What to produce
Once you have read the records below, print them again exactly as they stand.

(Caption-style text data)
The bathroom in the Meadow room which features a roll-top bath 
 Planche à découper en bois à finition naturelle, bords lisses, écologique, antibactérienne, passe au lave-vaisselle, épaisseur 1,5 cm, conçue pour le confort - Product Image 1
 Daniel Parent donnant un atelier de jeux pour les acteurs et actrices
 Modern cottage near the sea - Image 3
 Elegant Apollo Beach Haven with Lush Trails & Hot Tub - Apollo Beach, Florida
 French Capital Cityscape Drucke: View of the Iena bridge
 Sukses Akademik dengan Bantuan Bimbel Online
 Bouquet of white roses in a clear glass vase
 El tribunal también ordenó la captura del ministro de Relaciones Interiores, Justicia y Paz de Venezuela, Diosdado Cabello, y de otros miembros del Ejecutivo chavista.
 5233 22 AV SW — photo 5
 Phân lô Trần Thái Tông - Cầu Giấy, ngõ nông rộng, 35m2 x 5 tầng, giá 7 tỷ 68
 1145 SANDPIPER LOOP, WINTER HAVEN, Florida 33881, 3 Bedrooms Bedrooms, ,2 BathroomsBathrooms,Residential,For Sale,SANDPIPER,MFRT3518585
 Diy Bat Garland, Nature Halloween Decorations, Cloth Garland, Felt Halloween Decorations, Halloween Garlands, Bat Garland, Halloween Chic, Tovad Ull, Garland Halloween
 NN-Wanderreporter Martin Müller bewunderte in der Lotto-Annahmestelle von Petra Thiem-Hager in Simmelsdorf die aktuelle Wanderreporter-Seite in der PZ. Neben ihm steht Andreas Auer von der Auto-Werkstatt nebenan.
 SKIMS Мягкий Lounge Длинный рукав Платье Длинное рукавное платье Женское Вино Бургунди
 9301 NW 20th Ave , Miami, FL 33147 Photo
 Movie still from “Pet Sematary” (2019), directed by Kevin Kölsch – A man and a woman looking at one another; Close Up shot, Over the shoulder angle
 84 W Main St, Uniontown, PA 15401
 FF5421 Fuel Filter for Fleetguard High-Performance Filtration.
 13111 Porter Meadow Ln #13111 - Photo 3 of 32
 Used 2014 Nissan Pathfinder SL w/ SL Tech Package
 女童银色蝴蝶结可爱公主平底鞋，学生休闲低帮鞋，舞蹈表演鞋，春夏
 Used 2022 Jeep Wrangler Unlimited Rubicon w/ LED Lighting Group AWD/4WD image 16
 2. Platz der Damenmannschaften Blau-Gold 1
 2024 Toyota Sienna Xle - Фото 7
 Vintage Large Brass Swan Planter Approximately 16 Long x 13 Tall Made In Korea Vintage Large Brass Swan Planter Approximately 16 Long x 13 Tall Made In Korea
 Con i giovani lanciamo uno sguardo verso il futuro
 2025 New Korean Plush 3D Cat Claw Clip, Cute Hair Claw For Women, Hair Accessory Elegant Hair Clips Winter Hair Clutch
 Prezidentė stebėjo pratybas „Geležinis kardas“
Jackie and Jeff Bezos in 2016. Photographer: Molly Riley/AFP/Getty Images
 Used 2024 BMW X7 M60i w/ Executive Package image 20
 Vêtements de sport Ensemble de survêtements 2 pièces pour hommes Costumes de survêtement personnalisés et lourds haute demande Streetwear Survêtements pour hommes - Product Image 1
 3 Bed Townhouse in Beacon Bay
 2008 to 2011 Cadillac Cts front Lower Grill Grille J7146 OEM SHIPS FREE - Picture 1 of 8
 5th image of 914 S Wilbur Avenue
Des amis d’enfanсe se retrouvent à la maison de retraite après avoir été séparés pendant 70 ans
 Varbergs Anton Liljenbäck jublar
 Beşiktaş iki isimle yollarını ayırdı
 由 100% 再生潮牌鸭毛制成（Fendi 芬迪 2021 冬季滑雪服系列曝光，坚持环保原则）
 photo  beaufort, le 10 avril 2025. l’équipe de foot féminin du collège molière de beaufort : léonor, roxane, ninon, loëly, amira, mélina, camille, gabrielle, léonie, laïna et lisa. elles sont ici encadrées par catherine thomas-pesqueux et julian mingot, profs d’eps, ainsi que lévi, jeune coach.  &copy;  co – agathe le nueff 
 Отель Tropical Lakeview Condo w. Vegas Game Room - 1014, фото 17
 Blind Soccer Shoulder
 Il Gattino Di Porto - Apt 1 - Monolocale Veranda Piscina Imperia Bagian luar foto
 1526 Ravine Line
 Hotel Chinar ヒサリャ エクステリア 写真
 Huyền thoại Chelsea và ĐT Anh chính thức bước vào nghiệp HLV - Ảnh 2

Solution for this exercise
The bathroom in the Meadow room which features a roll-top bath 
 Planche à découper en bois à finition naturelle, bords lisses, écologique, antibactérienne, passe au lave-vaisselle, épaisseur 1,5 cm, conçue pour le confort - Product Image 1
 Daniel Parent donnant un atelier de jeux pour les acteurs et actrices
 Modern cottage near the sea - Image 3
 Elegant Apollo Beach Haven with Lush Trails & Hot Tub - Apollo Beach, Florida
 French Capital Cityscape Drucke: View of the Iena bridge
 Sukses Akademik dengan Bantuan Bimbel Online
 Bouquet of white roses in a clear glass vase
 El tribunal también ordenó la captura del ministro de Relaciones Interiores, Justicia y Paz de Venezuela, Diosdado Cabello, y de otros miembros del Ejecutivo chavista.
 5233 22 AV SW — photo 5
 Phân lô Trần Thái Tông - Cầu Giấy, ngõ nông rộng, 35m2 x 5 tầng, giá 7 tỷ 68
 1145 SANDPIPER LOOP, WINTER HAVEN, Florida 33881, 3 Bedrooms Bedrooms, ,2 BathroomsBathrooms,Residential,For Sale,SANDPIPER,MFRT3518585
 Diy Bat Garland, Nature Halloween Decorations, Cloth Garland, Felt Halloween Decorations, Halloween Garlands, Bat Garland, Halloween Chic, Tovad Ull, Garland Halloween
 NN-Wanderreporter Martin Müller bewunderte in der Lotto-Annahmestelle von Petra Thiem-Hager in Simmelsdorf die aktuelle Wanderreporter-Seite in der PZ. Neben ihm steht Andreas Auer von der Auto-Werkstatt nebenan.
 SKIMS Мягкий Lounge Длинный рукав Платье Длинное рукавное платье Женское Вино Бургунди
 9301 NW 20th Ave , Miami, FL 33147 Photo
 Movie still from “Pet Sematary” (2019), directed by Kevin Kölsch – A man and a woman looking at one another; Close Up shot, Over the shoulder angle
 84 W Main St, Uniontown, PA 15401
 FF5421 Fuel Filter for Fleetguard High-Performance Filtration.
 13111 Porter Meadow Ln #13111 - Photo 3 of 32
 Used 2014 Nissan Pathfinder SL w/ SL Tech Package
 女童银色蝴蝶结可爱公主平底鞋，学生休闲低帮鞋，舞蹈表演鞋，春夏
 Used 2022 Jeep Wrangler Unlimited Rubicon w/ LED Lighting Group AWD/4WD image 16
 2. Platz der Damenmannschaften Blau-Gold 1
 2024 Toyota Sienna Xle - Фото 7
 Vintage Large Brass Swan Planter Approximately 16 Long x 13 Tall Made In Korea Vintage Large Brass Swan Planter Approximately 16 Long x 13 Tall Made In Korea
 Con i giovani lanciamo uno sguardo verso il futuro
 2025 New Korean Plush 3D Cat Claw Clip, Cute Hair Claw For Women, Hair Accessory Elegant Hair Clips Winter Hair Clutch
 Prezidentė stebėjo pratybas „Geležinis kardas“
Jackie and Jeff Bezos in 2016. Photographer: Molly Riley/AFP/Getty Images
 Used 2024 BMW X7 M60i w/ Executive Package image 20
 Vêtements de sport Ensemble de survêtements 2 pièces pour hommes Costumes de survêtement personnalisés et lourds haute demande Streetwear Survêtements pour hommes - Product Image 1
 3 Bed Townhouse in Beacon Bay
 2008 to 2011 Cadillac Cts front Lower Grill Grille J7146 OEM SHIPS FREE - Picture 1 of 8
 5th image of 914 S Wilbur Avenue
Des amis d’enfanсe se retrouvent à la maison de retraite après avoir été séparés pendant 70 ans
 Varbergs Anton Liljenbäck jublar
 Beşiktaş iki isimle yollarını ayırdı
 由 100% 再生潮牌鸭毛制成（Fendi 芬迪 2021 冬季滑雪服系列曝光，坚持环保原则）
 photo  beaufort, le 10 avril 2025. l’équipe de foot féminin du collège molière de beaufort : léonor, roxane, ninon, loëly, amira, mélina, camille, gabrielle, léonie, laïna et lisa. elles sont ici encadrées par catherine thomas-pesqueux et julian mingot, profs d’eps, ainsi que lévi, jeune coach.  &copy;  co – agathe le nueff 
 Отель Tropical Lakeview Condo w. Vegas Game Room - 1014, фото 17
 Blind Soccer Shoulder
 Il Gattino Di Porto - Apt 1 - Monolocale Veranda Piscina Imperia Bagian luar foto
 1526 Ravine Line
 Hotel Chinar ヒサリャ エクステリア 写真
 Huyền thoại Chelsea và ĐT Anh chính thức bước vào nghiệp HLV - Ảnh 2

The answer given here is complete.